Task instructions
Could the data below please be reproduced word for word, without the pictures?

==== Source information

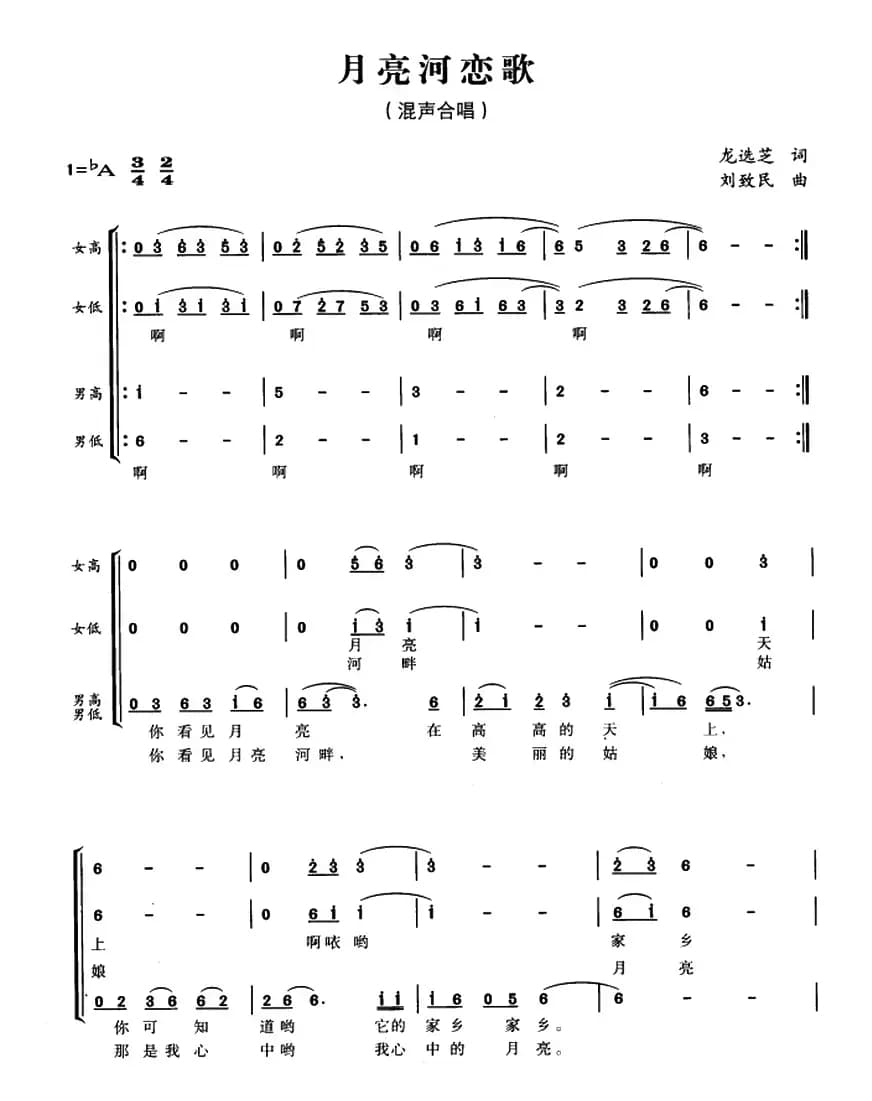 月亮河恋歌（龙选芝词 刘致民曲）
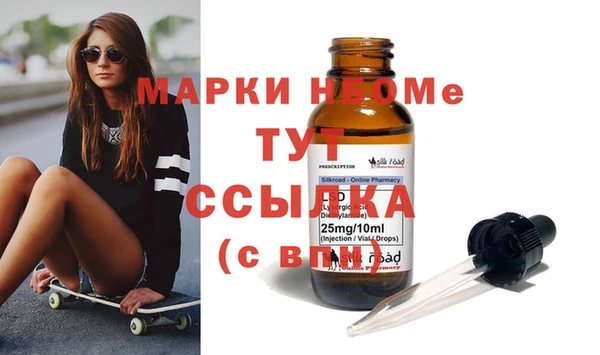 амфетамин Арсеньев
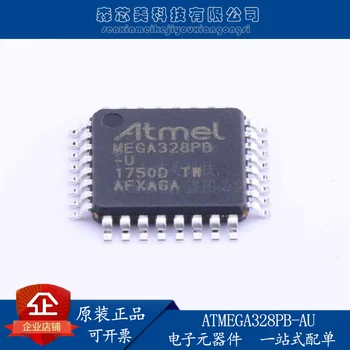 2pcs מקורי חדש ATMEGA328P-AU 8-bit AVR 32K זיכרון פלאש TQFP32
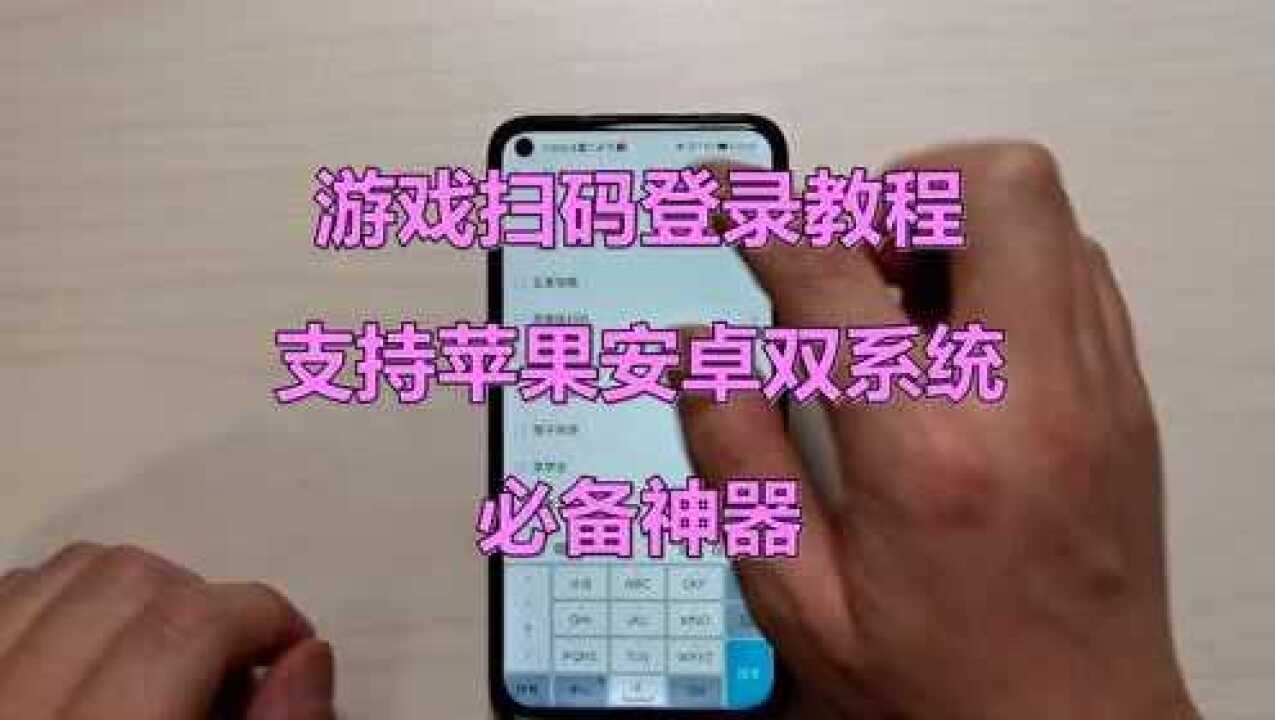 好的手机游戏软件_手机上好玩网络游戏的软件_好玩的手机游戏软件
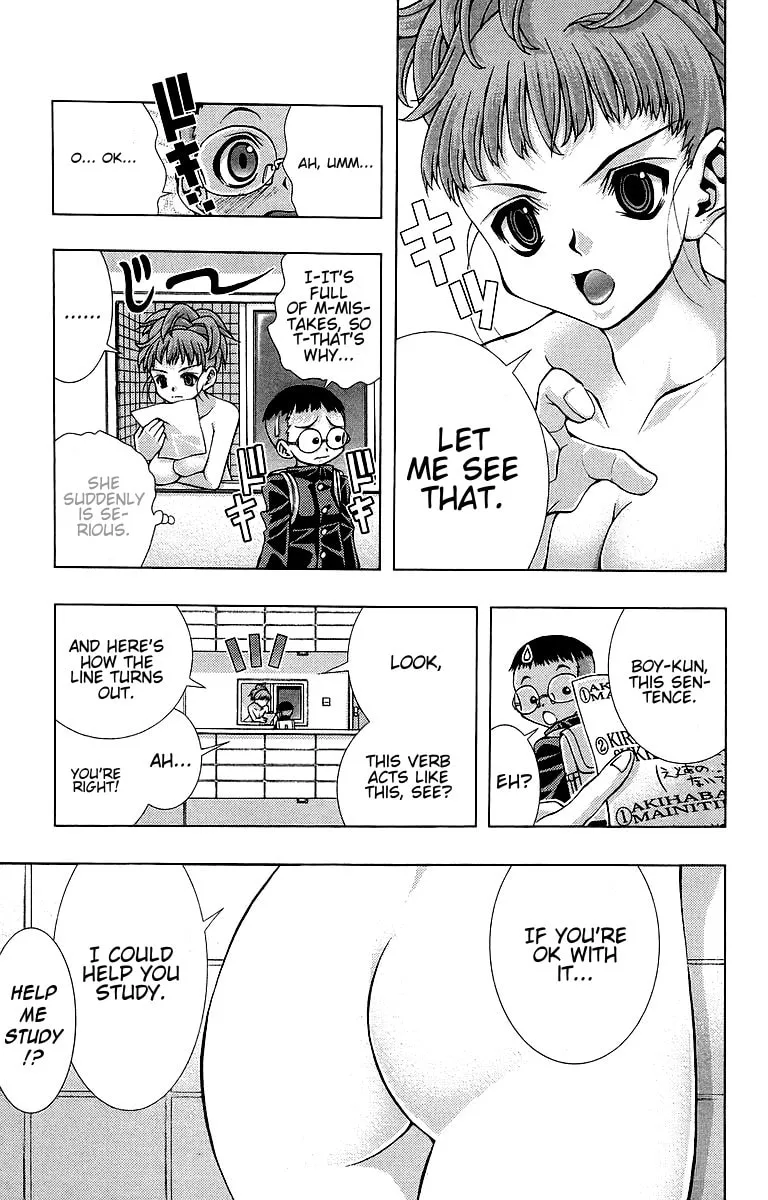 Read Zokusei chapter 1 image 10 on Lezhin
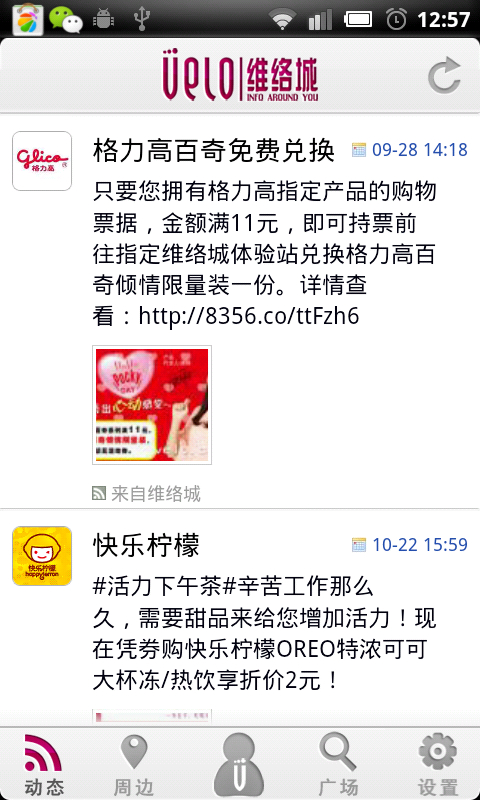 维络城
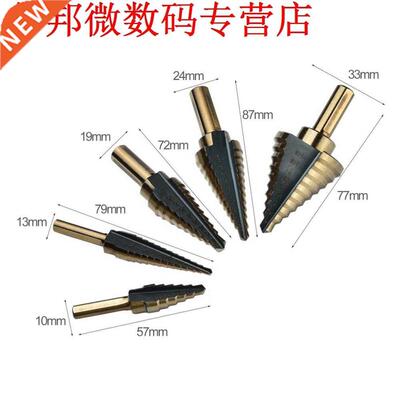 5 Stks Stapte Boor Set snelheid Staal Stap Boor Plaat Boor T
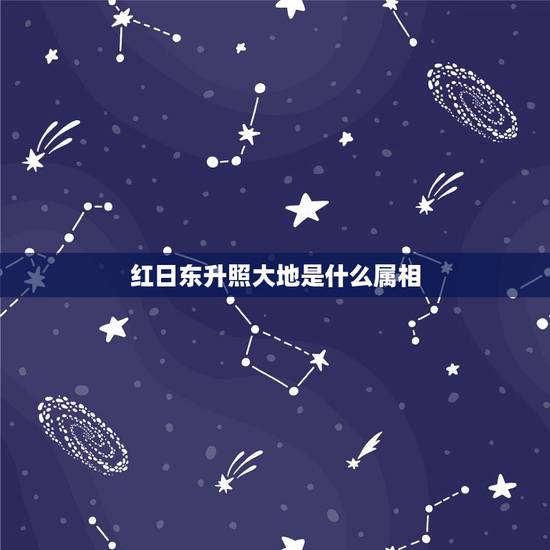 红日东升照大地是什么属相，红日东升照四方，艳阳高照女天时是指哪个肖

========

Response to the task
 月亮河恋歌（龙选芝词 刘致民曲）
 амфетамин Арсеньев
 2pcs מקורי חדש ATMEGA328P-AU 8-bit AVR 32K זיכרון פלאש TQFP32
 好的手机游戏软件_手机上好玩网络游戏的软件_好玩的手机游戏软件
 Read Zokusei chapter 1 image 10 on Lezhin
 维络城
 5 Stks Stapte Boor Set snelheid Staal Stap Boor Plaat Boor T
 红日东升照大地是什么属相，红日东升照四方，艳阳高照女天时是指哪个肖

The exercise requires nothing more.